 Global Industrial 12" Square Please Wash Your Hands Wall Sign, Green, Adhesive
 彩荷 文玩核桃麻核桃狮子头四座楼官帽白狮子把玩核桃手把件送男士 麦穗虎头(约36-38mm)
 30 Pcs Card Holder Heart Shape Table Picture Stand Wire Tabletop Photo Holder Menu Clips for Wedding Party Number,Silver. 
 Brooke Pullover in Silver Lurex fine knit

● ● ● ● ● ● ●

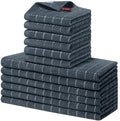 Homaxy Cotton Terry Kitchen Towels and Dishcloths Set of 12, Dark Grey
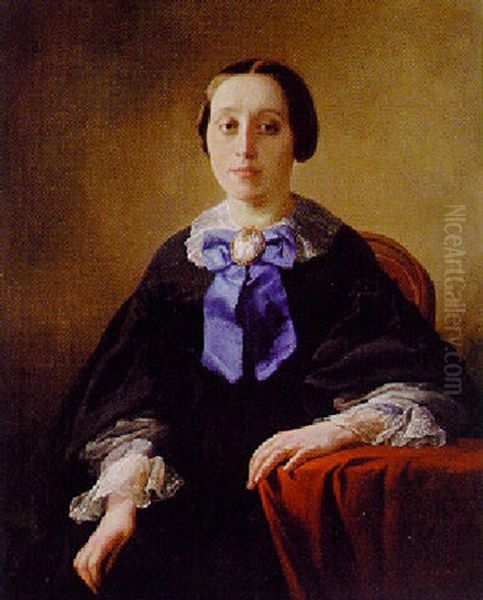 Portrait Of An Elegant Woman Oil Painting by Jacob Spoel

● ● ● ● ● ● ●

__Description of the task__
Please give back exactly the lines of this listing beginning at the line with "Sign, Green, Adhesive" and ending with the line with "Brooke Pullover in Silver Lurex fine knit", both included, and nothing else.

__Solution__
 Global Industrial 12" Square Please Wash Your Hands Wall Sign, Green, Adhesive
 彩荷 文玩核桃麻核桃狮子头四座楼官帽白狮子把玩核桃手把件送男士 麦穗虎头(约36-38mm)
 30 Pcs Card Holder Heart Shape Table Picture Stand Wire Tabletop Photo Holder Menu Clips for Wedding Party Number,Silver. 
 Brooke Pullover in Silver Lurex fine knit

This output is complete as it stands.